TASK REQUIREMENTS = Repeat, word for word, every line from the line holding "LINEAR POSITION SENSOR" through the final line of the entries below. Skip all pictures.
+++
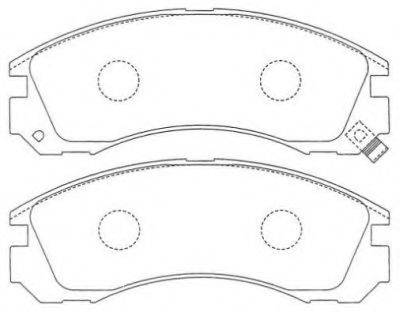 AISIN ASN-151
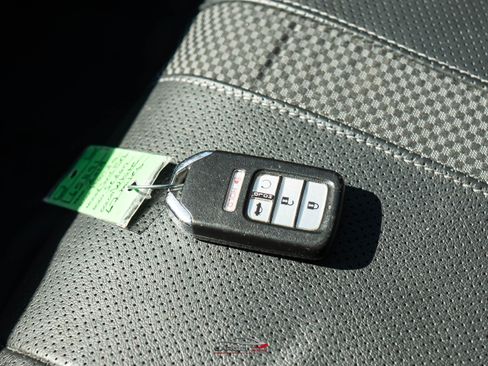 Used 2019 Honda Civic EX-L image 46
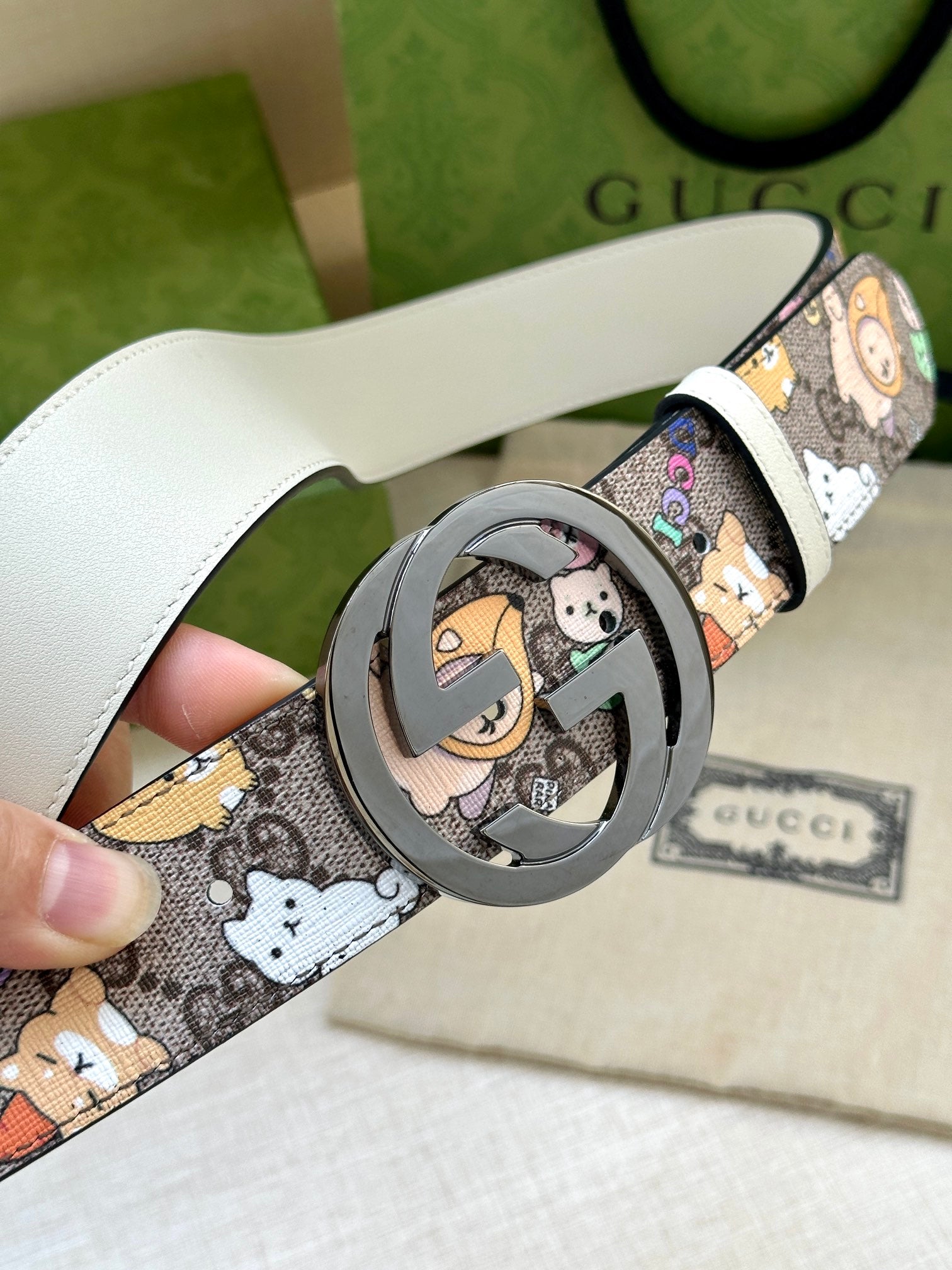 155RB208P Popular High quality belt With full package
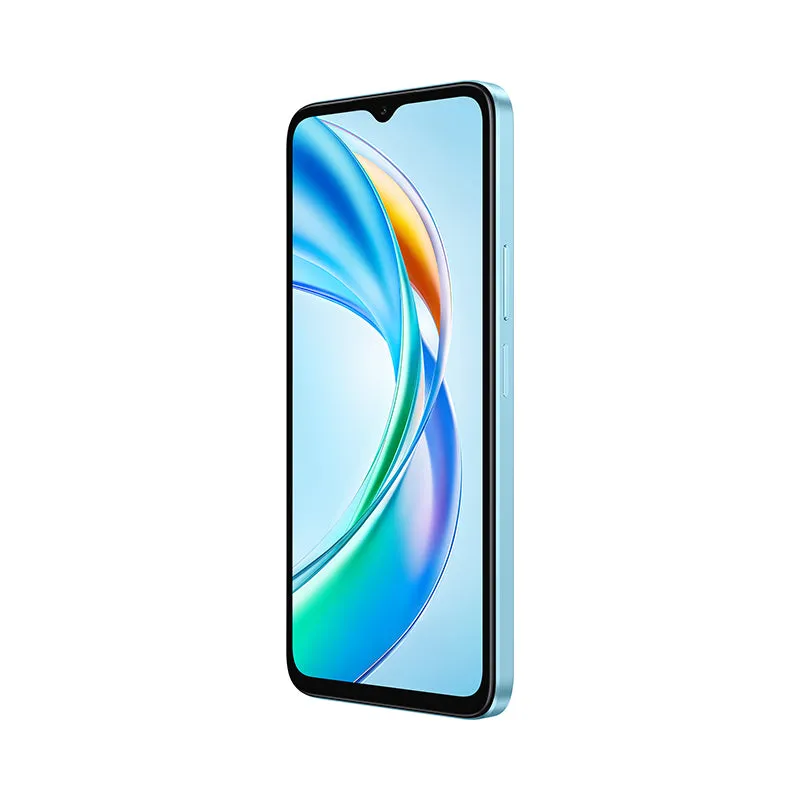 Honor X5b, 4GB & 64GB, Dual Card, Ocean Blue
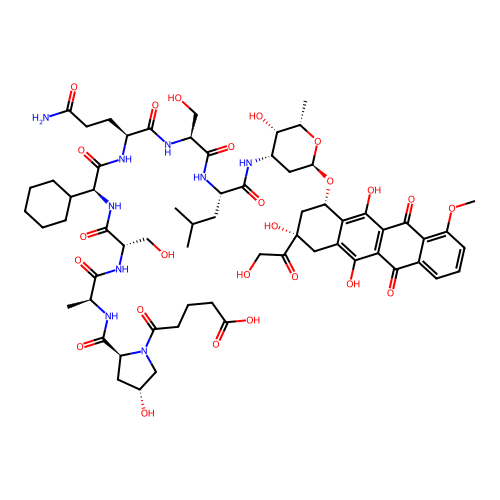 L-377202 structure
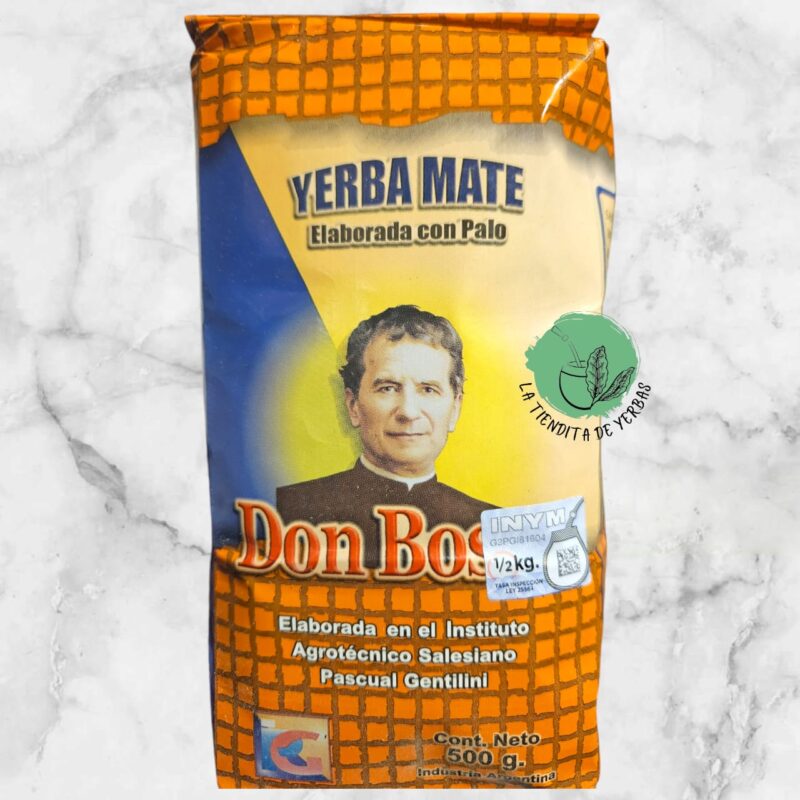 Don Bosco x 500 gr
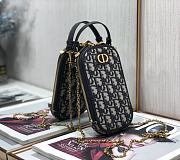 Dior  30 Montaigne 01 18x10.5x2.5cm - 6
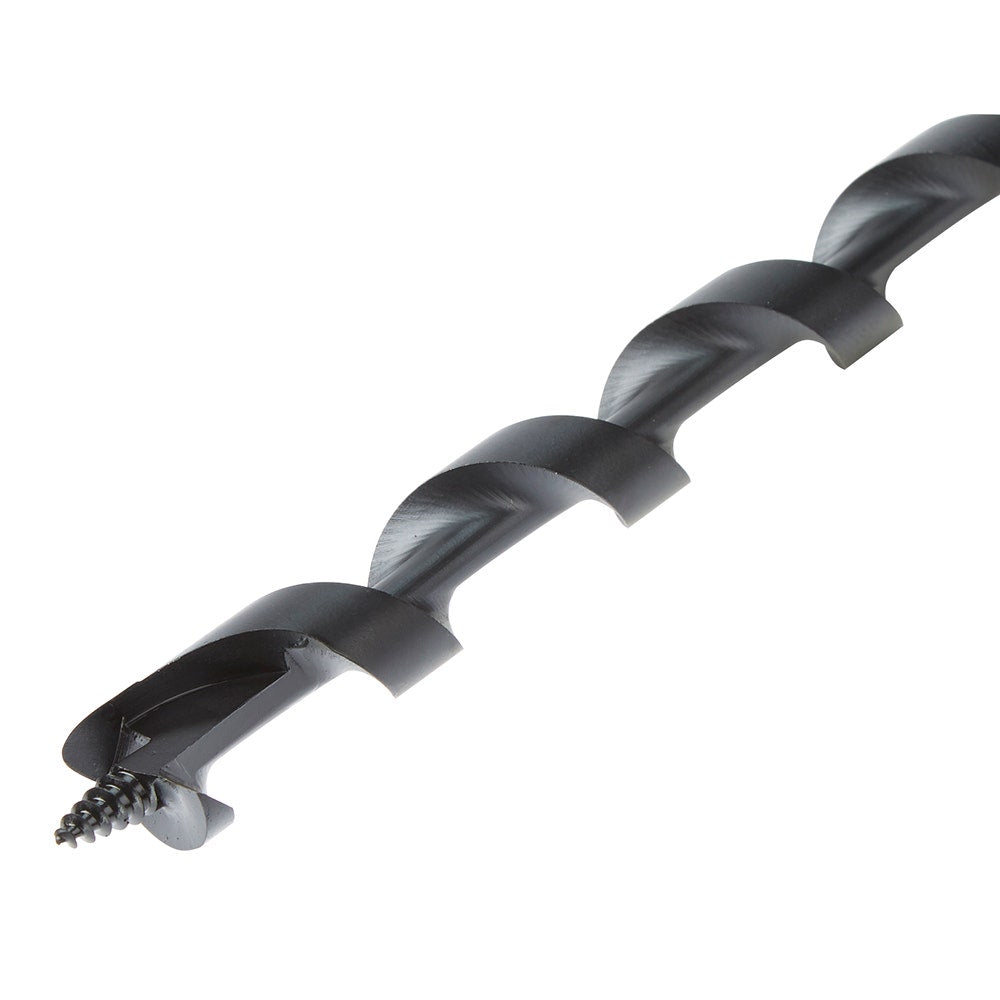 MILWAUKEE 20 x 460mm 7 16-Hex Shockwave Auger Bit 48136760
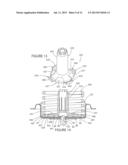 LINEAR POSITION SENSOR WITH ANTI-ROTATION DEVICE diagram and image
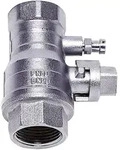 BOSCH Wartungshahn R 3/4, Durchgangsform - 7738112211
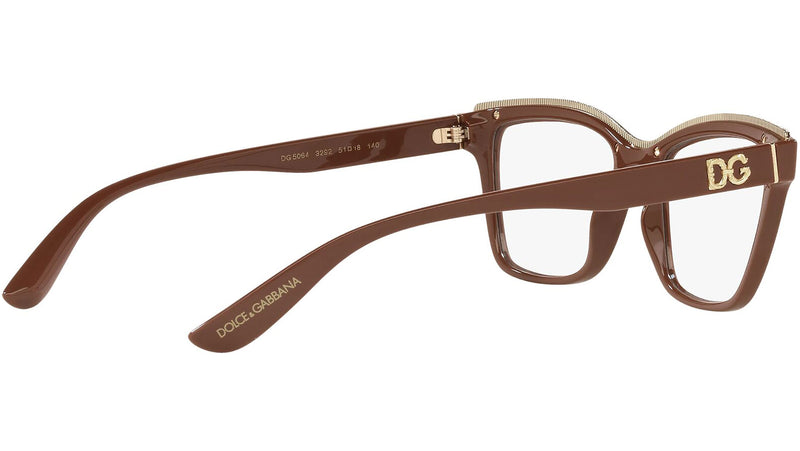 DG 5064 3292 brown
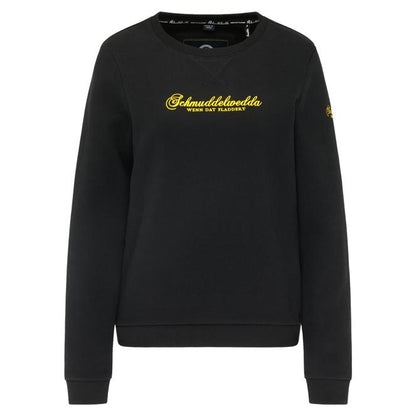 Schmuddelwedda Kobiety Bluza dresowa pulower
+++
RESULT =
 LINEAR POSITION SENSOR WITH ANTI-ROTATION DEVICE diagram and image
 BOSCH Wartungshahn R 3/4, Durchgangsform - 7738112211
 DG 5064 3292 brown
 Schmuddelwedda Kobiety Bluza dresowa pulower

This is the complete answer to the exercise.